From the entries below, print exactly the span beginning with the line holding "2019 Volkswagen Jetta 1.4T SE" and ending with the line holding "Invitation Modèle d'instruction", endpoints included, and skip any pictures.

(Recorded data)
* * * * * * *

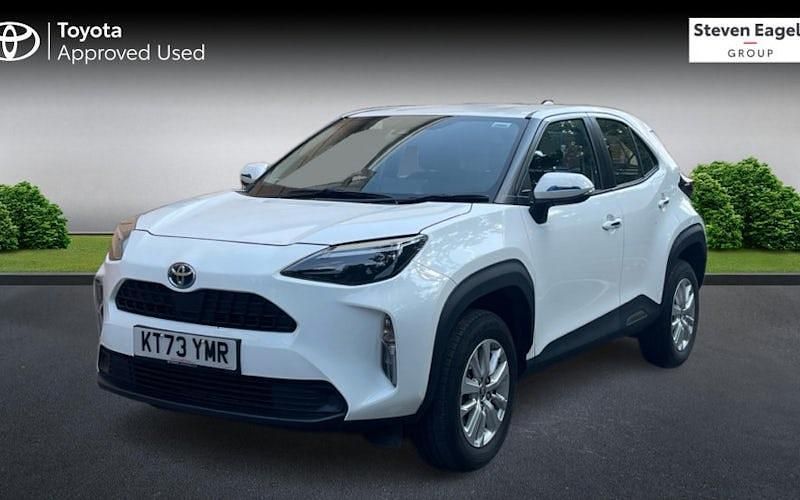 Used Toyota Yaris Hybrid 116 HP (85 kW) 2025 Estate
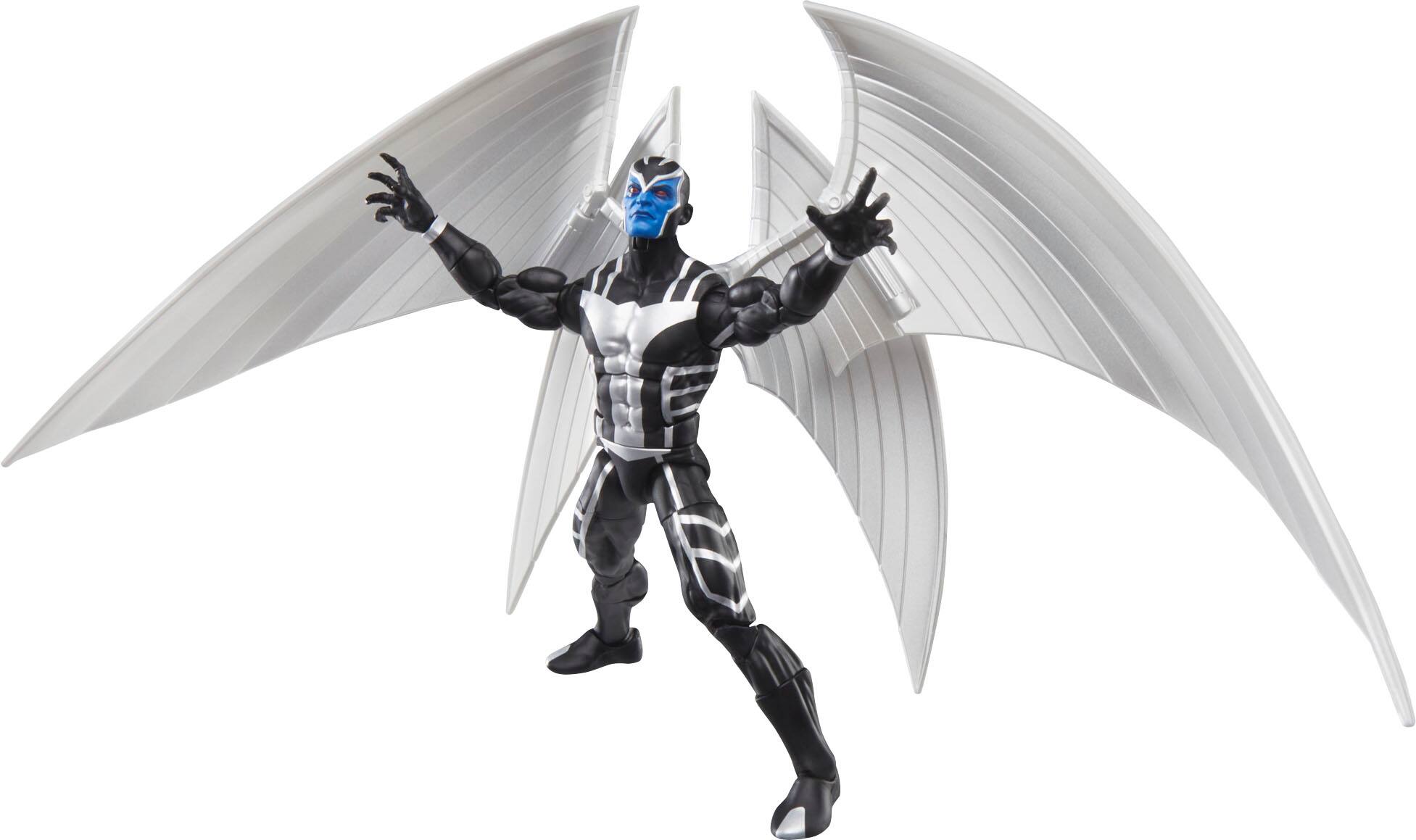 Back. Marvel - Legends Series X-Force Archangel.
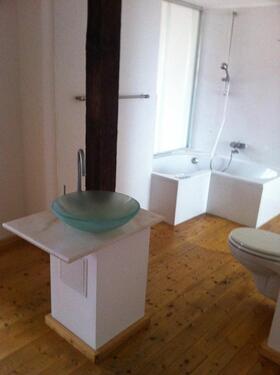 Foto - 4 Raum, mit Galerie, Kamin u Marmorbad in Dresden Pieschen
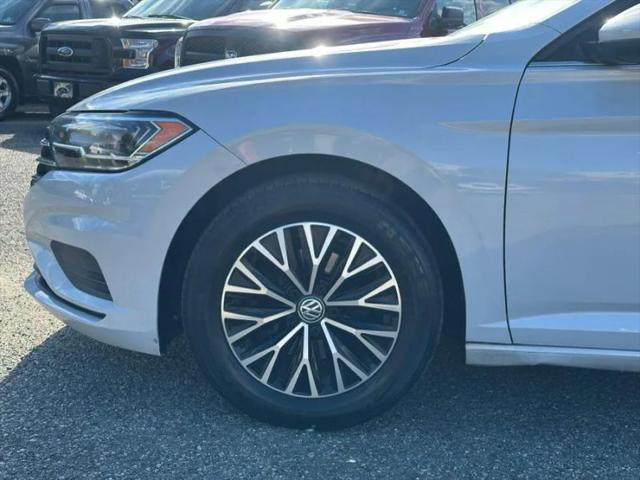 2019 Volkswagen Jetta 1.4T SE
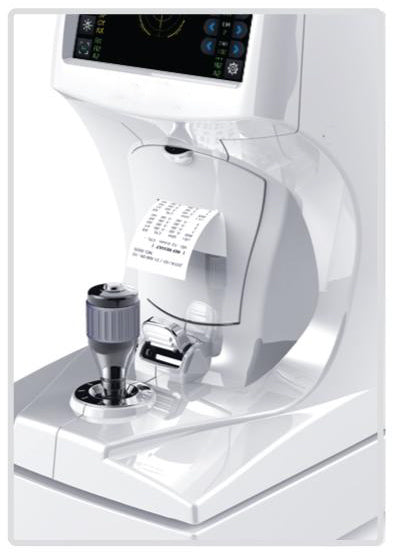 autorefractor keratometer erk-5400 ezer - us ophthalmic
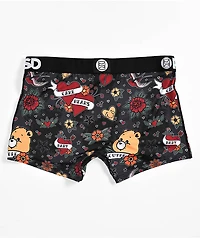 PSD x Care Bears Tattoo Boyshort Underwear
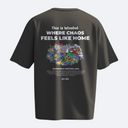 This Is İstanbul - Heavy, Oversize, Unisex Tişört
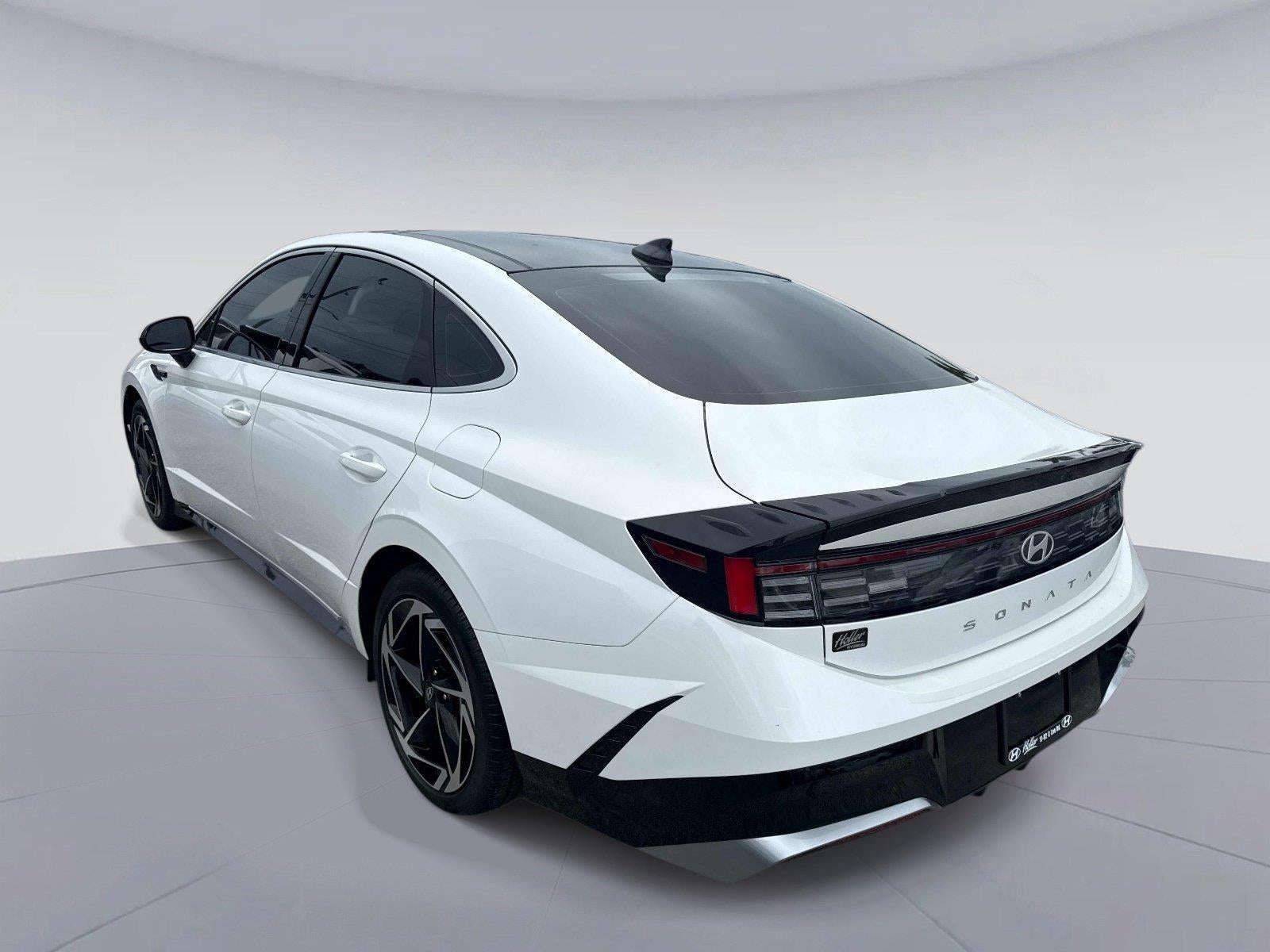 2025 Hyundai Sonata SEL Convenience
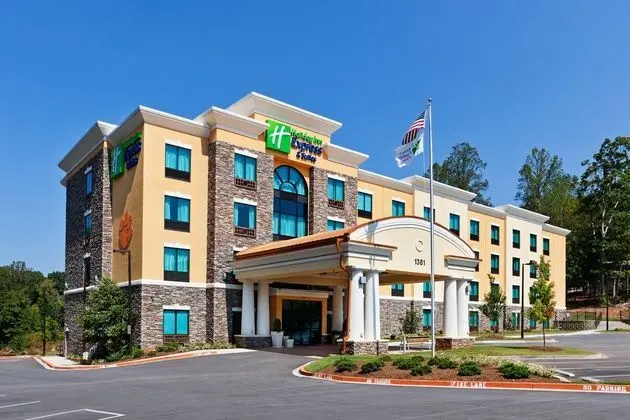 Holiday Inn Express Hotel & Suites Clemson - Univ - Öne Çıkan Resim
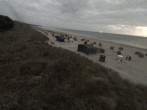 Archiv Foto Webcam Usedom: Strand Karlshagen 03:00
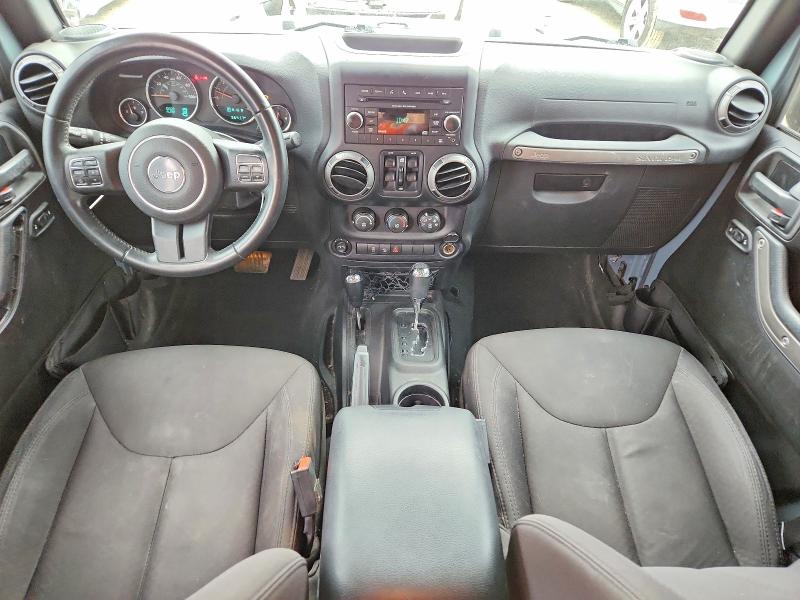 Aukcja sprzedaży 2015 Jep Wrangler, vin: 1C4BJWDG2FL613437, numer aukcji: 46629426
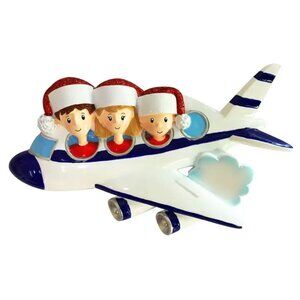 Family of Three - Airline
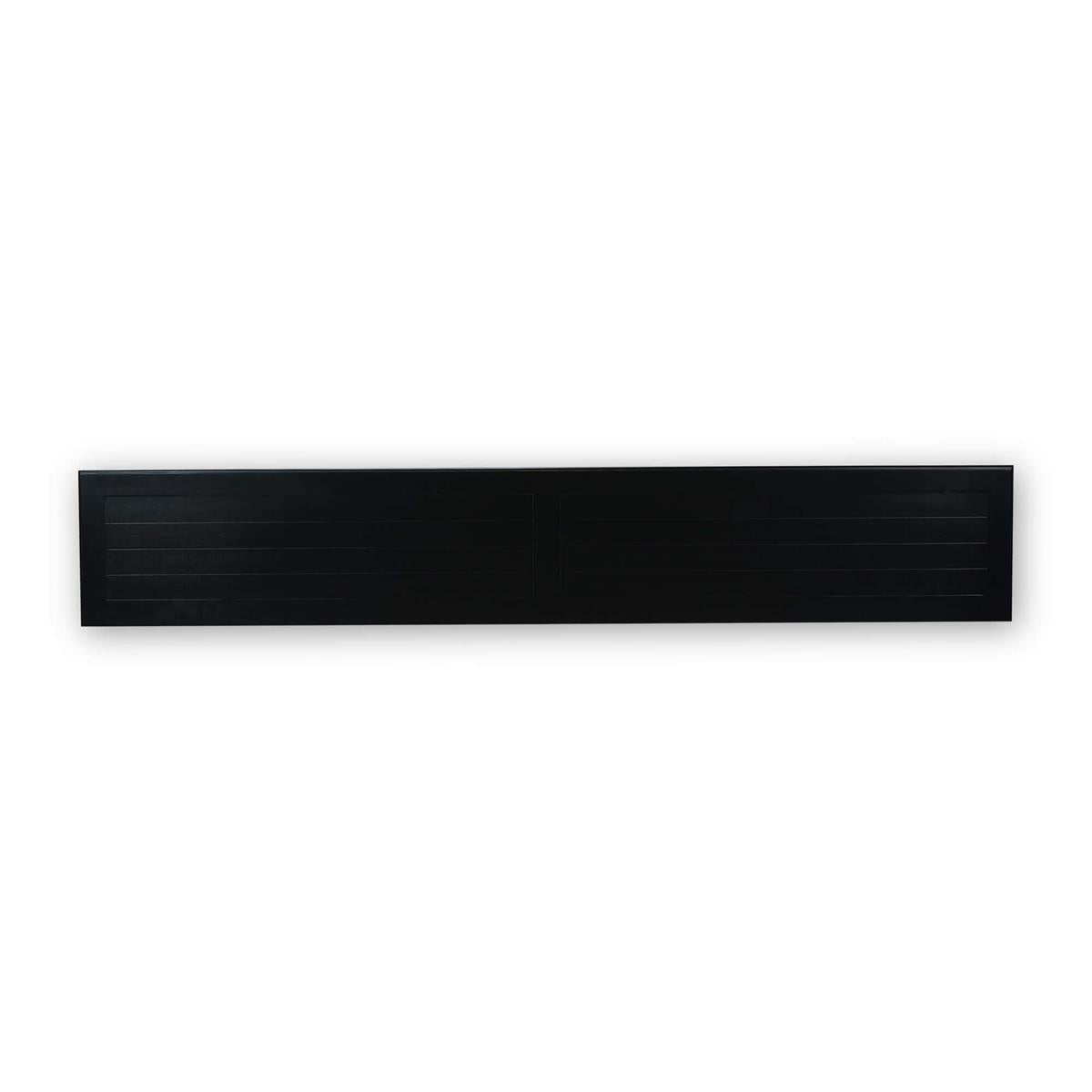 Bramble Hudson 4 Door Sideboard — Batavia Black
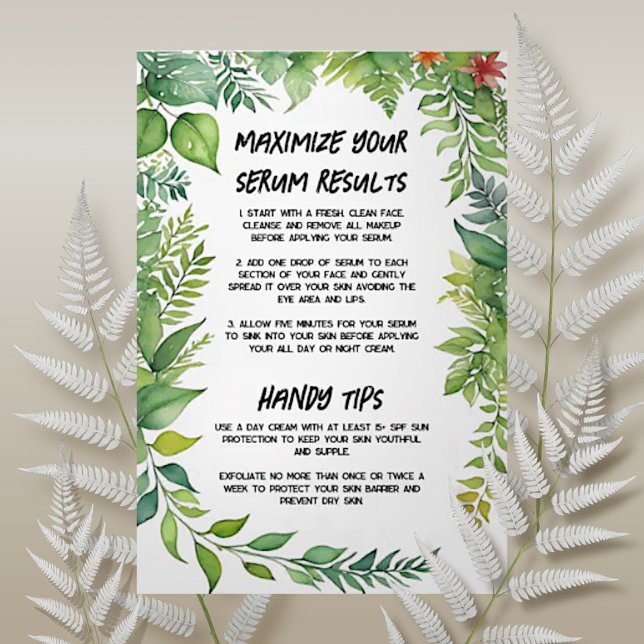 Invitation Modèle d'instruction sérique téléchargeable (Créateur téléchargé)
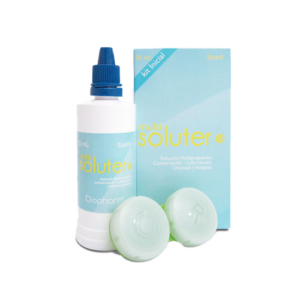 multi soluter m/prop sol 50 ml*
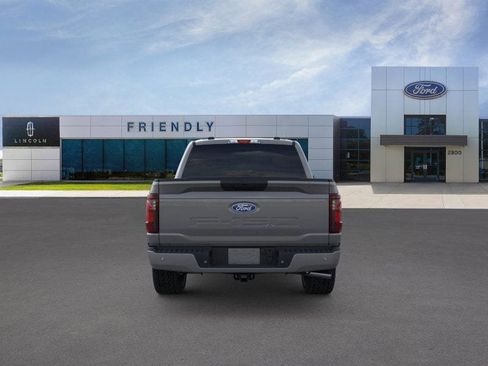 New 2026 Ford F150 STX w/ Equipment Group 200A AWD/4WD image 5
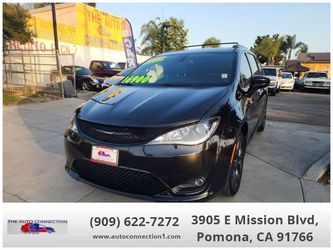 2019 Chrysler Pacifica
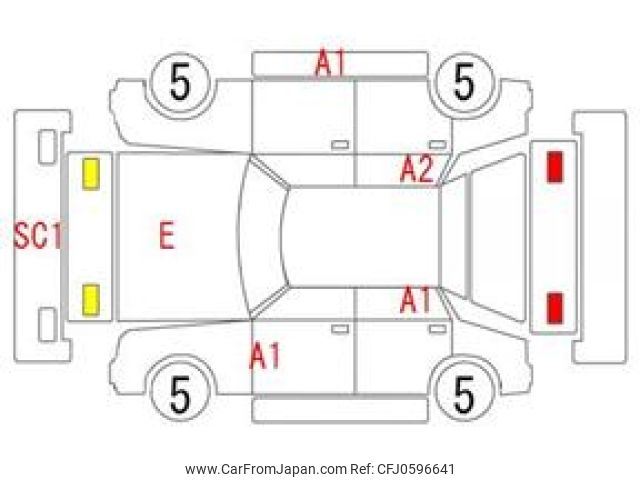 volkswagen polo 2013 -VOLKSWAGEN--VW Polo ABA-6RCAV--WVWZZZ6RZCY264927---VOLKSWAGEN--VW Polo ABA-6RCAV--WVWZZZ6RZCY264927- image 2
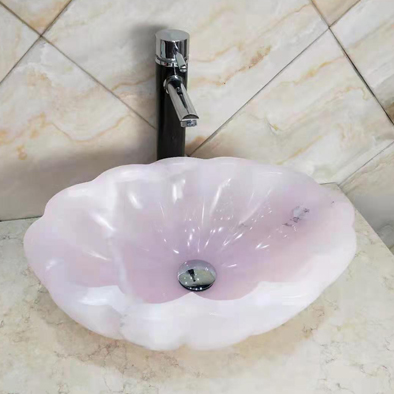 Nature Stone Marble Sink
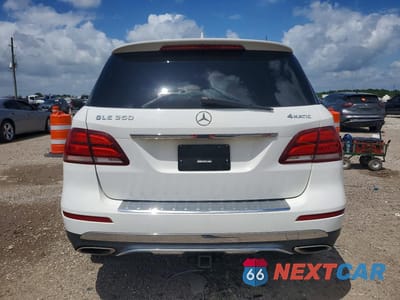 Zdjęcie 6 z 12 samochodu: 2016 MERCEDES-BENZ GLE 350 4MATIC VIN:4JGDA5HB3GA791187 - miniatura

* * * * * * *

» Reply
 2019 Volkswagen Jetta 1.4T SE
 autorefractor keratometer erk-5400 ezer - us ophthalmic
 PSD x Care Bears Tattoo Boyshort Underwear
 This Is İstanbul - Heavy, Oversize, Unisex Tişört
 2025 Hyundai Sonata SEL Convenience
 Holiday Inn Express Hotel & Suites Clemson - Univ - Öne Çıkan Resim
 Archiv Foto Webcam Usedom: Strand Karlshagen 03:00
 Aukcja sprzedaży 2015 Jep Wrangler, vin: 1C4BJWDG2FL613437, numer aukcji: 46629426
 Family of Three - Airline
 Bramble Hudson 4 Door Sideboard — Batavia Black
 Invitation Modèle d'instruction sérique téléchargeable (Créateur téléchargé)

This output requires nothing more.